▶ **Given material**
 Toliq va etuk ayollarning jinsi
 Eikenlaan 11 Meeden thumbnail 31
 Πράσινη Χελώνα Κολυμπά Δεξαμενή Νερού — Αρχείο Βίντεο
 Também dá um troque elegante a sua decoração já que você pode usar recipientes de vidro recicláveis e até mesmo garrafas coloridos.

▶ **Exercise instructions**
Set down the whole of the material, exactly.

▶ **Task solution**
 Toliq va etuk ayollarning jinsi
 Eikenlaan 11 Meeden thumbnail 31
 Πράσινη Χελώνα Κολυμπά Δεξαμενή Νερού — Αρχείο Βίντεο
 Também dá um troque elegante a sua decoração já que você pode usar recipientes de vidro recicláveis e até mesmo garrafas coloridos.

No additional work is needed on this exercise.